- Dataset excerpt:
════════════════
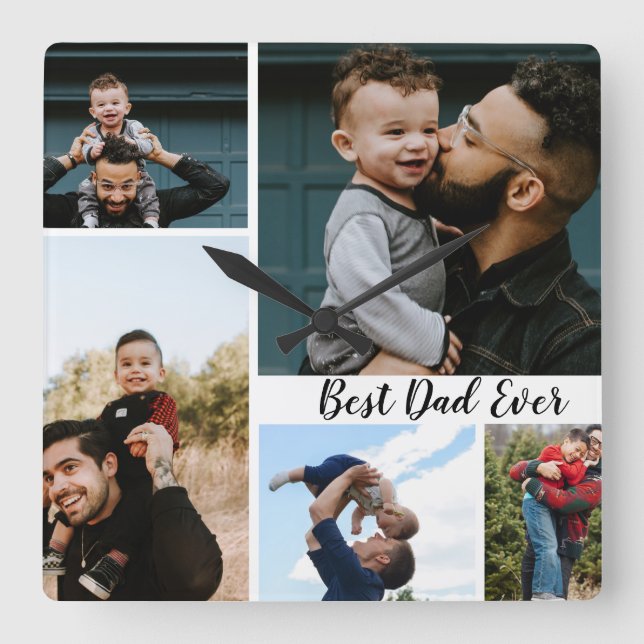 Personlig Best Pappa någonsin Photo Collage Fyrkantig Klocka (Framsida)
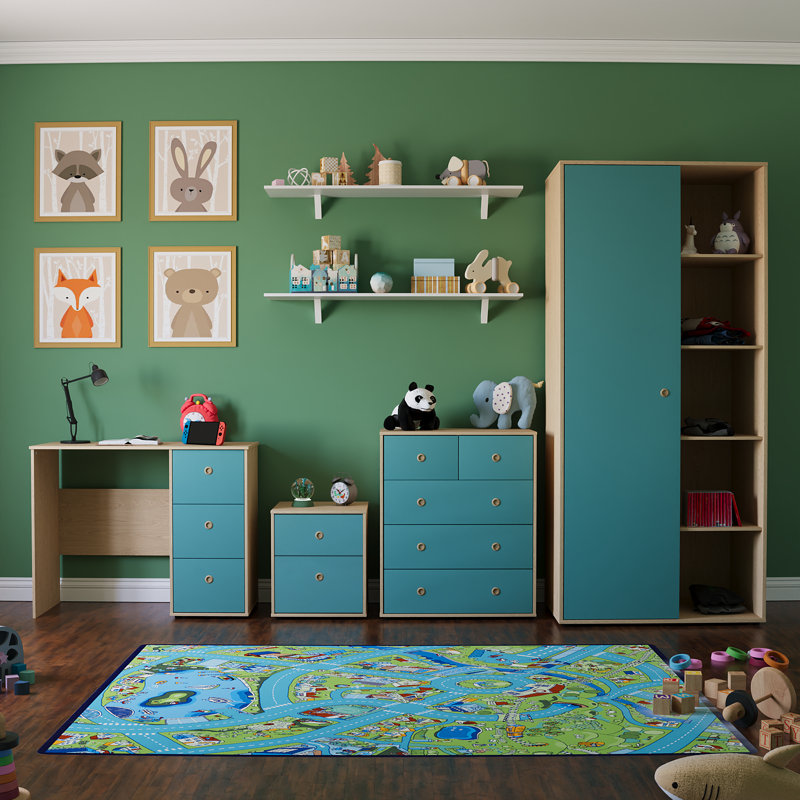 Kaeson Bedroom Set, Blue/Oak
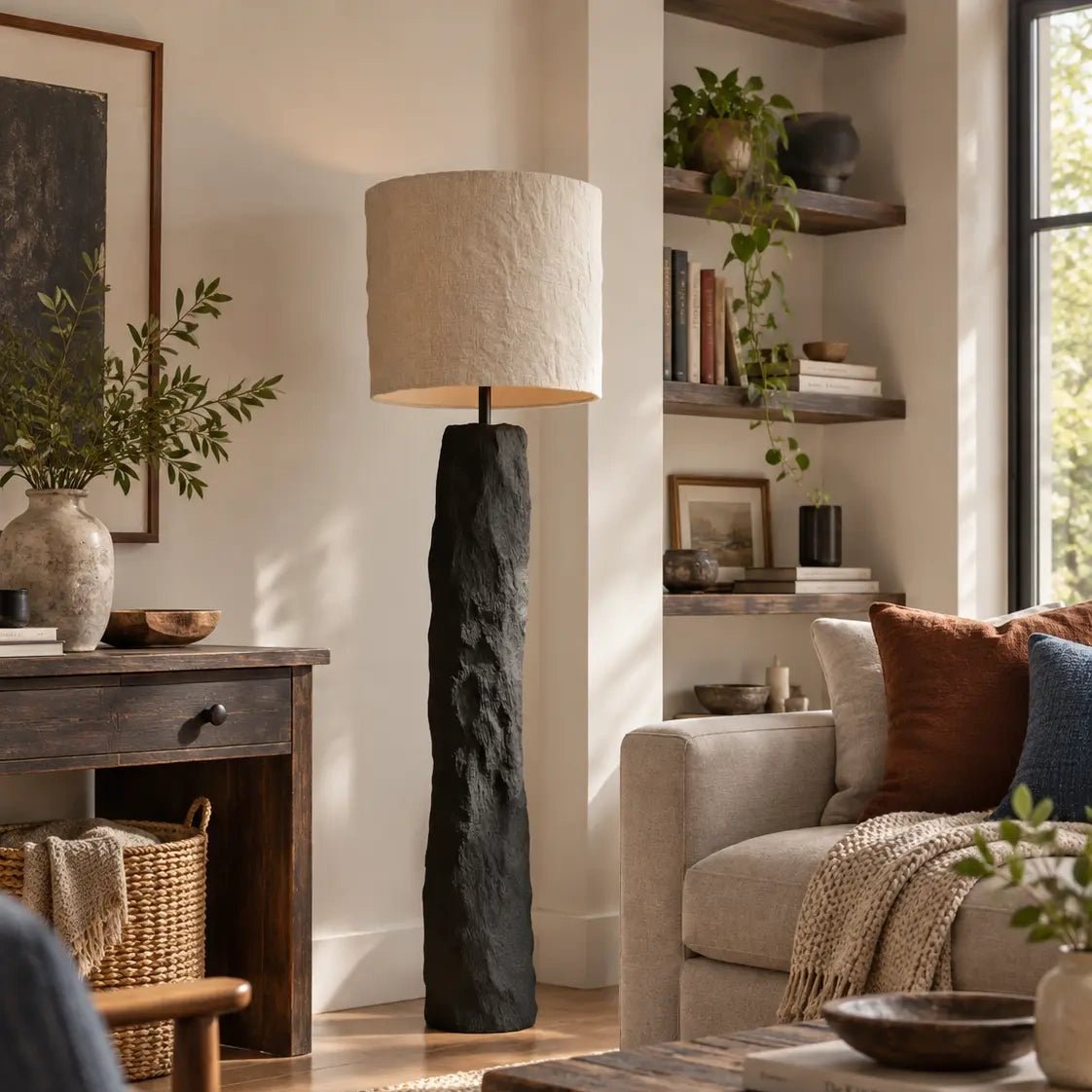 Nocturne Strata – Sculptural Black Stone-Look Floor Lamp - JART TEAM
════════════════
- What is needed: Give the material again exactly as it is, but keep the pictures out.

- The completed task:
 Personlig Best Pappa någonsin Photo Collage Fyrkantig Klocka (Framsida)
 Kaeson Bedroom Set, Blue/Oak
 Nocturne Strata – Sculptural Black Stone-Look Floor Lamp - JART TEAM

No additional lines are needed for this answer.